*ACTION ITEM*: The data must be returned in full, with no character altered.

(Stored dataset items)
════

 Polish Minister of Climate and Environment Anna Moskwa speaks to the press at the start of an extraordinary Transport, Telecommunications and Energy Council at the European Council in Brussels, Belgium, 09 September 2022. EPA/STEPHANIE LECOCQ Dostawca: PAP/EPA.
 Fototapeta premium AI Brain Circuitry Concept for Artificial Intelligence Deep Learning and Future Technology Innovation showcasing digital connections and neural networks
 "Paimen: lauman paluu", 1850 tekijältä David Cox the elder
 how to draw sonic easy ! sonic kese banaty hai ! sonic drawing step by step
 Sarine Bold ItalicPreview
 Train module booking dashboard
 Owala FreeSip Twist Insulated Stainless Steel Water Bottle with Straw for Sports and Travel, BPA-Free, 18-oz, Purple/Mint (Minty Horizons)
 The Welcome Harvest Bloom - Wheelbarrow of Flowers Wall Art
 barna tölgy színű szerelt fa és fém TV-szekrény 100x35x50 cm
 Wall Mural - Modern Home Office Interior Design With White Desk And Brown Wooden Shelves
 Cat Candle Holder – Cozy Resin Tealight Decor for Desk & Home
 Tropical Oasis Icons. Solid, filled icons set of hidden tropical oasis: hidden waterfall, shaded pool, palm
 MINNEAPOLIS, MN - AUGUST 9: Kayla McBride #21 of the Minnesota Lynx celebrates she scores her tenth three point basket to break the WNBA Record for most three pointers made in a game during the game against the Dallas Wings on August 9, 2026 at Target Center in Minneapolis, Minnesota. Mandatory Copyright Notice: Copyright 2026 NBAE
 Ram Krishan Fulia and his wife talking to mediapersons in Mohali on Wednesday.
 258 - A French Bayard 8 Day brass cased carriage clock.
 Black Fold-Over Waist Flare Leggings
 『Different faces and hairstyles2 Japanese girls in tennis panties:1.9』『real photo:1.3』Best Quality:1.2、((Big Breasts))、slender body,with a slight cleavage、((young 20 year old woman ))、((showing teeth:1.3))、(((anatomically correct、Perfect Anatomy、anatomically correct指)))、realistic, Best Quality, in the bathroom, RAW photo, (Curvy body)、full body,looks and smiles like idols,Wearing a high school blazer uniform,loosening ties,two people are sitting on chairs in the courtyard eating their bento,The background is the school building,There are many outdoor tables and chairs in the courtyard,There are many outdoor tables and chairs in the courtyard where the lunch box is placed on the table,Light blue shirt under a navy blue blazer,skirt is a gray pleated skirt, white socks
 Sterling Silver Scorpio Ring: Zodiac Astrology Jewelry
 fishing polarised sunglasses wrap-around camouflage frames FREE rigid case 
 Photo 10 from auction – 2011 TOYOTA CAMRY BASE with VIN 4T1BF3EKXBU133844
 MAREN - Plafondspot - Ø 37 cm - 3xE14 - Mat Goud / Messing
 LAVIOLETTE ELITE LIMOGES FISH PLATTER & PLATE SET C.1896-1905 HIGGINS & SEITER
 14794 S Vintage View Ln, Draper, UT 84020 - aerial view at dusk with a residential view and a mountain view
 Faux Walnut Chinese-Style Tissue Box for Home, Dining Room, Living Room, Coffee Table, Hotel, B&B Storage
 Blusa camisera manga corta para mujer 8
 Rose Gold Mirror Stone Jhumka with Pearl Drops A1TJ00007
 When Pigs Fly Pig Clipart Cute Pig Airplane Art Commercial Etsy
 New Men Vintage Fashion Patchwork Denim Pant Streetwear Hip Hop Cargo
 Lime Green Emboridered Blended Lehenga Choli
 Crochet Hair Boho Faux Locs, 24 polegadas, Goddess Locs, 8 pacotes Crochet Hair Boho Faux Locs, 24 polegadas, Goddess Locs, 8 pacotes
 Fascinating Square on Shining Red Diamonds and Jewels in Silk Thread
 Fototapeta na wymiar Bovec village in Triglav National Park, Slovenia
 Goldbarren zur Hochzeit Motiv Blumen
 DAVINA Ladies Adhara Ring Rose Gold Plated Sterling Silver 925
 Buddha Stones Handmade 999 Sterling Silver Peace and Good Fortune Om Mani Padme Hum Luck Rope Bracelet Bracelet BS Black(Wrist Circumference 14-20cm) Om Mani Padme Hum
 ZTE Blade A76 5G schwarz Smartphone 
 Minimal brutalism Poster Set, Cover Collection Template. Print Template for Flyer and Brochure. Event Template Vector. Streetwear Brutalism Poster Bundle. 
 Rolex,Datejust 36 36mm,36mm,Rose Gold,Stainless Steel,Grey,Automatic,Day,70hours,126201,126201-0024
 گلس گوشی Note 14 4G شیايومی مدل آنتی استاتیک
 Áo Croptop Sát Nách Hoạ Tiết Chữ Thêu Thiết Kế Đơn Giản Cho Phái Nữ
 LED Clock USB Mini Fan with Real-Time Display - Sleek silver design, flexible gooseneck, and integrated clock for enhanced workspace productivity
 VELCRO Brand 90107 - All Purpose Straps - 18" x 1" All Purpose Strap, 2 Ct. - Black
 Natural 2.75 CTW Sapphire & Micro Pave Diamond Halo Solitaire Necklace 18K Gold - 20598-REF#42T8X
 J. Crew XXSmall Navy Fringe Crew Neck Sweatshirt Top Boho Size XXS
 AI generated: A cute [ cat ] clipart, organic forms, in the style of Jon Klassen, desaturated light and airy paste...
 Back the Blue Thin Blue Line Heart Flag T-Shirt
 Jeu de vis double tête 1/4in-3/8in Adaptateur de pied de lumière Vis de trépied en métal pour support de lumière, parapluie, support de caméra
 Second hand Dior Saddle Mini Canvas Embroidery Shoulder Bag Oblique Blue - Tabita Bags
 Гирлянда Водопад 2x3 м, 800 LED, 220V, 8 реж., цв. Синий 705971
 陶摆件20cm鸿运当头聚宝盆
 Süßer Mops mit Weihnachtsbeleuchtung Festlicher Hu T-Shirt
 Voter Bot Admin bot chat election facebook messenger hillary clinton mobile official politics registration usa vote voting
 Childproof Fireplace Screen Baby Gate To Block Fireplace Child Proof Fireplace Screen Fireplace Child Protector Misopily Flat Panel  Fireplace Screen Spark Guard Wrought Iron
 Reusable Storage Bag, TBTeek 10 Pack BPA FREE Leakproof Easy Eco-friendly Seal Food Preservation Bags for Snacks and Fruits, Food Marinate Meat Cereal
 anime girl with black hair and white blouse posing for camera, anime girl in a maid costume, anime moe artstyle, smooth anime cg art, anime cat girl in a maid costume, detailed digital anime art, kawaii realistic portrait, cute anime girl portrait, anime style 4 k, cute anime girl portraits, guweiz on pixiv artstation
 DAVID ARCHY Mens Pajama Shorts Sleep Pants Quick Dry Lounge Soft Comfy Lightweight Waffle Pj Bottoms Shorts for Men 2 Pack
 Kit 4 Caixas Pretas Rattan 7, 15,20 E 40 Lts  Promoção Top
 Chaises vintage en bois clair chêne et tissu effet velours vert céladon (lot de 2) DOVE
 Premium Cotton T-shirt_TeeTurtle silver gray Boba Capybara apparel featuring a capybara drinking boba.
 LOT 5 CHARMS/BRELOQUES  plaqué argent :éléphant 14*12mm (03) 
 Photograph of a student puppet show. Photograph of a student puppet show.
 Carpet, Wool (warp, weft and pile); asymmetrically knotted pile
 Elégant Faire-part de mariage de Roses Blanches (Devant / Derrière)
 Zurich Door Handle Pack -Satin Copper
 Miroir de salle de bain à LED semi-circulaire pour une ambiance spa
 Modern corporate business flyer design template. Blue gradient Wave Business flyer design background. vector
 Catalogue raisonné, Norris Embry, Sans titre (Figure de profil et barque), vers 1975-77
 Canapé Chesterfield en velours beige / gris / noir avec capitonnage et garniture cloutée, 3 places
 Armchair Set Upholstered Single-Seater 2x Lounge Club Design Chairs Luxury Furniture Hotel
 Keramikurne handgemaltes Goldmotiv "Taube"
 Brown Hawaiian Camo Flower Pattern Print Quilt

════

*FINAL ANSWER*:
 Polish Minister of Climate and Environment Anna Moskwa speaks to the press at the start of an extraordinary Transport, Telecommunications and Energy Council at the European Council in Brussels, Belgium, 09 September 2022. EPA/STEPHANIE LECOCQ Dostawca: PAP/EPA.
 Fototapeta premium AI Brain Circuitry Concept for Artificial Intelligence Deep Learning and Future Technology Innovation showcasing digital connections and neural networks
 "Paimen: lauman paluu", 1850 tekijältä David Cox the elder
 how to draw sonic easy ! sonic kese banaty hai ! sonic drawing step by step
 Sarine Bold ItalicPreview
 Train module booking dashboard
 Owala FreeSip Twist Insulated Stainless Steel Water Bottle with Straw for Sports and Travel, BPA-Free, 18-oz, Purple/Mint (Minty Horizons)
 The Welcome Harvest Bloom - Wheelbarrow of Flowers Wall Art
 barna tölgy színű szerelt fa és fém TV-szekrény 100x35x50 cm
 Wall Mural - Modern Home Office Interior Design With White Desk And Brown Wooden Shelves
 Cat Candle Holder – Cozy Resin Tealight Decor for Desk & Home
 Tropical Oasis Icons. Solid, filled icons set of hidden tropical oasis: hidden waterfall, shaded pool, palm
 MINNEAPOLIS, MN - AUGUST 9: Kayla McBride #21 of the Minnesota Lynx celebrates she scores her tenth three point basket to break the WNBA Record for most three pointers made in a game during the game against the Dallas Wings on August 9, 2026 at Target Center in Minneapolis, Minnesota. Mandatory Copyright Notice: Copyright 2026 NBAE
 Ram Krishan Fulia and his wife talking to mediapersons in Mohali on Wednesday.
 258 - A French Bayard 8 Day brass cased carriage clock.
 Black Fold-Over Waist Flare Leggings
 『Different faces and hairstyles2 Japanese girls in tennis panties:1.9』『real photo:1.3』Best Quality:1.2、((Big Breasts))、slender body,with a slight cleavage、((young 20 year old woman ))、((showing teeth:1.3))、(((anatomically correct、Perfect Anatomy、anatomically correct指)))、realistic, Best Quality, in the bathroom, RAW photo, (Curvy body)、full body,looks and smiles like idols,Wearing a high school blazer uniform,loosening ties,two people are sitting on chairs in the courtyard eating their bento,The background is the school building,There are many outdoor tables and chairs in the courtyard,There are many outdoor tables and chairs in the courtyard where the lunch box is placed on the table,Light blue shirt under a navy blue blazer,skirt is a gray pleated skirt, white socks
 Sterling Silver Scorpio Ring: Zodiac Astrology Jewelry
 fishing polarised sunglasses wrap-around camouflage frames FREE rigid case 
 Photo 10 from auction – 2011 TOYOTA CAMRY BASE with VIN 4T1BF3EKXBU133844
 MAREN - Plafondspot - Ø 37 cm - 3xE14 - Mat Goud / Messing
 LAVIOLETTE ELITE LIMOGES FISH PLATTER & PLATE SET C.1896-1905 HIGGINS & SEITER
 14794 S Vintage View Ln, Draper, UT 84020 - aerial view at dusk with a residential view and a mountain view
 Faux Walnut Chinese-Style Tissue Box for Home, Dining Room, Living Room, Coffee Table, Hotel, B&B Storage
 Blusa camisera manga corta para mujer 8
 Rose Gold Mirror Stone Jhumka with Pearl Drops A1TJ00007
 When Pigs Fly Pig Clipart Cute Pig Airplane Art Commercial Etsy
 New Men Vintage Fashion Patchwork Denim Pant Streetwear Hip Hop Cargo
 Lime Green Emboridered Blended Lehenga Choli
 Crochet Hair Boho Faux Locs, 24 polegadas, Goddess Locs, 8 pacotes Crochet Hair Boho Faux Locs, 24 polegadas, Goddess Locs, 8 pacotes
 Fascinating Square on Shining Red Diamonds and Jewels in Silk Thread
 Fototapeta na wymiar Bovec village in Triglav National Park, Slovenia
 Goldbarren zur Hochzeit Motiv Blumen
 DAVINA Ladies Adhara Ring Rose Gold Plated Sterling Silver 925
 Buddha Stones Handmade 999 Sterling Silver Peace and Good Fortune Om Mani Padme Hum Luck Rope Bracelet Bracelet BS Black(Wrist Circumference 14-20cm) Om Mani Padme Hum
 ZTE Blade A76 5G schwarz Smartphone 
 Minimal brutalism Poster Set, Cover Collection Template. Print Template for Flyer and Brochure. Event Template Vector. Streetwear Brutalism Poster Bundle. 
 Rolex,Datejust 36 36mm,36mm,Rose Gold,Stainless Steel,Grey,Automatic,Day,70hours,126201,126201-0024
 گلس گوشی Note 14 4G شیايومی مدل آنتی استاتیک
 Áo Croptop Sát Nách Hoạ Tiết Chữ Thêu Thiết Kế Đơn Giản Cho Phái Nữ
 LED Clock USB Mini Fan with Real-Time Display - Sleek silver design, flexible gooseneck, and integrated clock for enhanced workspace productivity
 VELCRO Brand 90107 - All Purpose Straps - 18" x 1" All Purpose Strap, 2 Ct. - Black
 Natural 2.75 CTW Sapphire & Micro Pave Diamond Halo Solitaire Necklace 18K Gold - 20598-REF#42T8X
 J. Crew XXSmall Navy Fringe Crew Neck Sweatshirt Top Boho Size XXS
 AI generated: A cute [ cat ] clipart, organic forms, in the style of Jon Klassen, desaturated light and airy paste...
 Back the Blue Thin Blue Line Heart Flag T-Shirt
 Jeu de vis double tête 1/4in-3/8in Adaptateur de pied de lumière Vis de trépied en métal pour support de lumière, parapluie, support de caméra
 Second hand Dior Saddle Mini Canvas Embroidery Shoulder Bag Oblique Blue - Tabita Bags
 Гирлянда Водопад 2x3 м, 800 LED, 220V, 8 реж., цв. Синий 705971
 陶摆件20cm鸿运当头聚宝盆
 Süßer Mops mit Weihnachtsbeleuchtung Festlicher Hu T-Shirt
 Voter Bot Admin bot chat election facebook messenger hillary clinton mobile official politics registration usa vote voting
 Childproof Fireplace Screen Baby Gate To Block Fireplace Child Proof Fireplace Screen Fireplace Child Protector Misopily Flat Panel  Fireplace Screen Spark Guard Wrought Iron
 Reusable Storage Bag, TBTeek 10 Pack BPA FREE Leakproof Easy Eco-friendly Seal Food Preservation Bags for Snacks and Fruits, Food Marinate Meat Cereal
 anime girl with black hair and white blouse posing for camera, anime girl in a maid costume, anime moe artstyle, smooth anime cg art, anime cat girl in a maid costume, detailed digital anime art, kawaii realistic portrait, cute anime girl portrait, anime style 4 k, cute anime girl portraits, guweiz on pixiv artstation
 DAVID ARCHY Mens Pajama Shorts Sleep Pants Quick Dry Lounge Soft Comfy Lightweight Waffle Pj Bottoms Shorts for Men 2 Pack
 Kit 4 Caixas Pretas Rattan 7, 15,20 E 40 Lts  Promoção Top
 Chaises vintage en bois clair chêne et tissu effet velours vert céladon (lot de 2) DOVE
 Premium Cotton T-shirt_TeeTurtle silver gray Boba Capybara apparel featuring a capybara drinking boba.
 LOT 5 CHARMS/BRELOQUES  plaqué argent :éléphant 14*12mm (03) 
 Photograph of a student puppet show. Photograph of a student puppet show.
 Carpet, Wool (warp, weft and pile); asymmetrically knotted pile
 Elégant Faire-part de mariage de Roses Blanches (Devant / Derrière)
 Zurich Door Handle Pack -Satin Copper
 Miroir de salle de bain à LED semi-circulaire pour une ambiance spa
 Modern corporate business flyer design template. Blue gradient Wave Business flyer design background. vector
 Catalogue raisonné, Norris Embry, Sans titre (Figure de profil et barque), vers 1975-77
 Canapé Chesterfield en velours beige / gris / noir avec capitonnage et garniture cloutée, 3 places
 Armchair Set Upholstered Single-Seater 2x Lounge Club Design Chairs Luxury Furniture Hotel
 Keramikurne handgemaltes Goldmotiv "Taube"
 Brown Hawaiian Camo Flower Pattern Print Quilt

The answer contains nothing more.